Osada powstała w latach 90, wielokrotnie była przebudowywana i poprawiana. W wyniku oględzin, które odbywały się już od jesieni poprzedniego roku stwierdzono konieczność przeprowadzenia prac renowacyjnych wobec wszystkich obiektów rekonstrukcyjnych. Największe zastrzeżenia budziły elementy konstrukcji budynków np. słupy czy krokwie.
Na początek do rekonstrukcji wytypowano dwa obiekty: chatę kultury amfor kulistych, której relikty zostały odkryte w Sicinach (Dolny Śląsk) oraz komorę ofiarniczą grobowca megalitycznego, która została odtworzona na podstawie badań i ustaleń dr Jerzego Tomasza Bąbla w Broniszowicach w gminie Waśniów.
– Komora uległa zawaleniu ze względu na zastosowany wcześniej budulec tj. drewno sosnowe. Uległo ono procesom gnilnym i pomimo zastosowanych uprzednio zabezpieczeń, nastąpiła destrukcja tej części obiektu – mówi Artur Jedynak, kustosz muzeum.

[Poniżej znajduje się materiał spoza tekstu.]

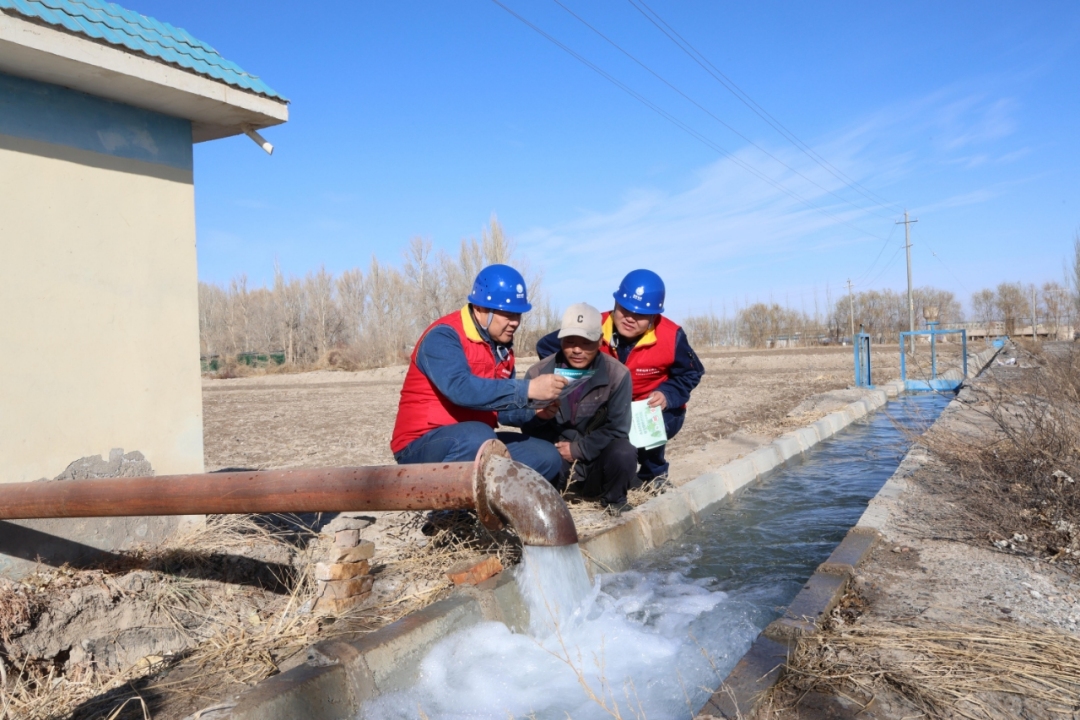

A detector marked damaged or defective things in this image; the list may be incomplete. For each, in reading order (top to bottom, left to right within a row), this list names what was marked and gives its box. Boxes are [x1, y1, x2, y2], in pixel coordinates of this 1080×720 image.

rusty metal pipe [0, 440, 583, 546]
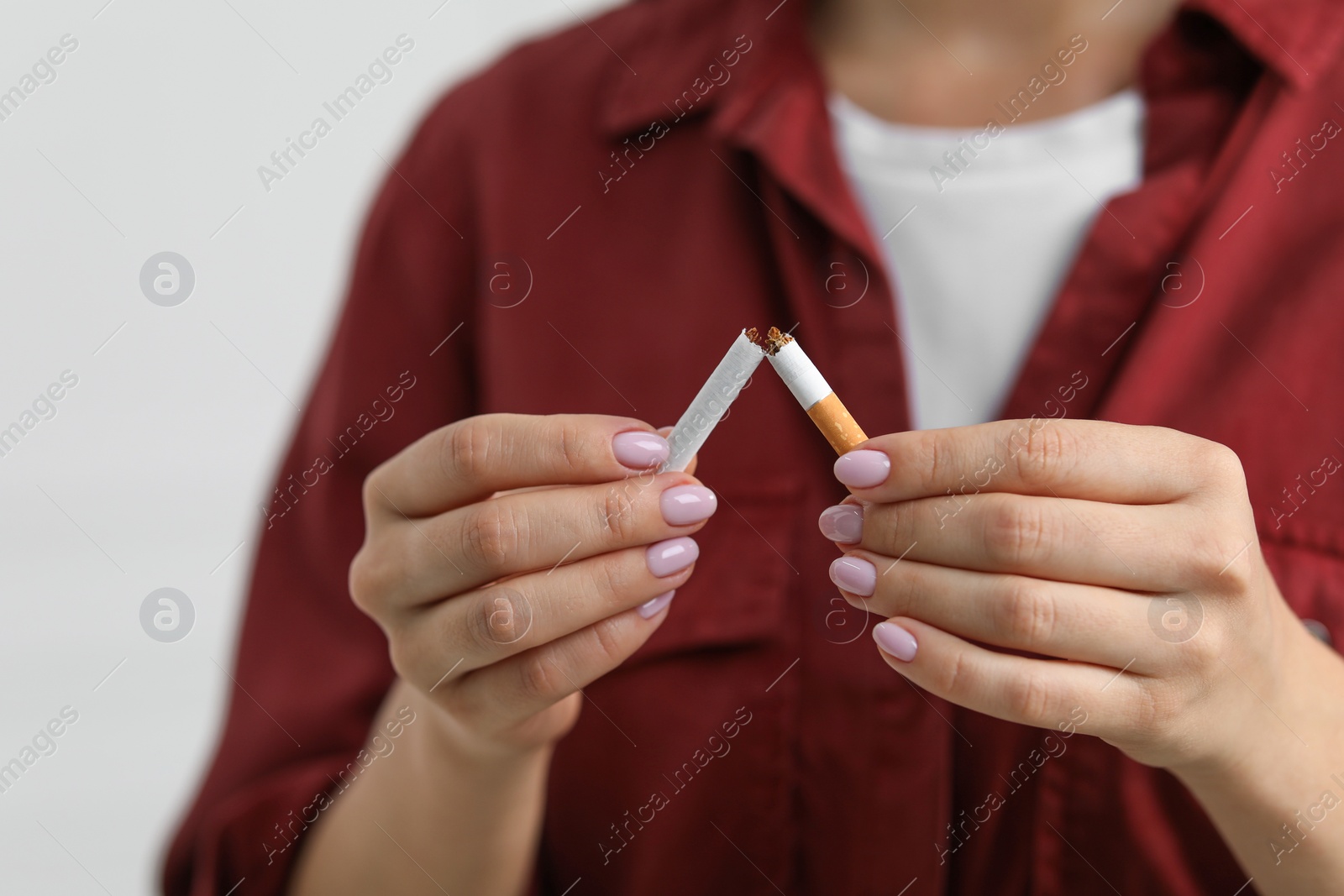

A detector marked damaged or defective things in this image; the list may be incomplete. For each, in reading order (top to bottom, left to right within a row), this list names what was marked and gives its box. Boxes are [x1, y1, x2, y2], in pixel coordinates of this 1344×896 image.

Dla zwiększenia trwałości odnawianego obiektu niezbędne jest zastosowanie odporniejszych niż dotychczas materiałów np. drewno dębowe i osika. Aby zachować charakter budownictwa neolitycznego oraz dostępnych wówczas sposobów zabezpieczeń używane będą sznury konopne, olej lniany i dziegieć, a także opalane będą elementy wkopywane w grunt.
– Realizację zadania zaczęliśmy już w marcu, ale w związku ze stanem epidemii opóźniła się dostawa niektórych materiałów. Zakończenie prac przy odnawianych obiektach zakończą się na przełomie maja i czerwca– wyjaśnił dyrektor Przychodni.
Celem renowacji jest nie tylko poprawa techniczna ekspozycji osady neolitycznej, ale również zapewnienie schronienia dla niewielkiego stada owiec wrzosówek. Kontrolowany wypas tych zwierząt na terenie pola górniczego ma zapewnić lepszy rozrost gatunków chronionych roślin.
– Jest to działania zapisane w Planie Ochrony Rezerwatu Krzemionki i zalecane przez przyrodników analizujących corocznie stan flory podlegającej ochronie na terenie administrowanym przez muzeum– zaznacza dyrektor muzeum.
Wszystkie prace na terenie osady są wykonywane przez pracowników muzeum. Materiały na realizację zadania zostały zakupione ze środków własnych Muzeum Historyczno-Archeologicznego i wynoszą ok. 10 tys. zł. Najdroższym elementem w kosztorysie stanowi trzcina, której warstwa położona na rekonstrukcji domostwa z Sicin powinna zabezpieczyć ten budynek na dłuższy czas.